### Supplied information:
>>>>
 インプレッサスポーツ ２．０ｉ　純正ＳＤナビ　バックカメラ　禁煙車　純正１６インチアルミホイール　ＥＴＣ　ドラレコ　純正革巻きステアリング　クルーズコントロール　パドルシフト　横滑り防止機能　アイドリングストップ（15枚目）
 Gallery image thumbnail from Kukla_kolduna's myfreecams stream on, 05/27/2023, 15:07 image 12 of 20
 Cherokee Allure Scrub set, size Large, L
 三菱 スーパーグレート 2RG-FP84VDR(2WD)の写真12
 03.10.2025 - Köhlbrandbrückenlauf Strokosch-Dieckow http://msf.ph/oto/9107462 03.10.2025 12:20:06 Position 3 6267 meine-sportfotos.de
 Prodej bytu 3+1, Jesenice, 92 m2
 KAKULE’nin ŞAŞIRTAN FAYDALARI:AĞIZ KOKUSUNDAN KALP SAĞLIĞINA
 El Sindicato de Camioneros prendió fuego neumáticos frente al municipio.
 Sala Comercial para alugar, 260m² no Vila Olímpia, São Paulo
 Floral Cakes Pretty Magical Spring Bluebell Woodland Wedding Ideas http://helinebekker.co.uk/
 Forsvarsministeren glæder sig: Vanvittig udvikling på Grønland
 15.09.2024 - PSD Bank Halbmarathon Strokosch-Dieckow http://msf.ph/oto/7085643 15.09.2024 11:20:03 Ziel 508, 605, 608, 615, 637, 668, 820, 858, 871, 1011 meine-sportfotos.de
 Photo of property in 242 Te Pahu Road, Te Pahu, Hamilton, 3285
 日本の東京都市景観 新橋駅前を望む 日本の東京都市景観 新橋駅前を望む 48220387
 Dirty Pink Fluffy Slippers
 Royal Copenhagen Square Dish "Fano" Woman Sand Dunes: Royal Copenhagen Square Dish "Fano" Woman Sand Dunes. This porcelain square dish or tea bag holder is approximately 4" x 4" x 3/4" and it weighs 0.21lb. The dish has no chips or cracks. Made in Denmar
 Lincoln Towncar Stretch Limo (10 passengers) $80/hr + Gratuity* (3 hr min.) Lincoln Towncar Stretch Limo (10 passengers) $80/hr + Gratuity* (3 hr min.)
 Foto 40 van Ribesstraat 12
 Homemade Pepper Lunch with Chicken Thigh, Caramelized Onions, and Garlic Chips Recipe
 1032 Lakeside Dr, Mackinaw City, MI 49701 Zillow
<<<<
### Problem:
How many lines in the entries above hold the string "meine"? Answer with the number and nothing more.

### Response:
2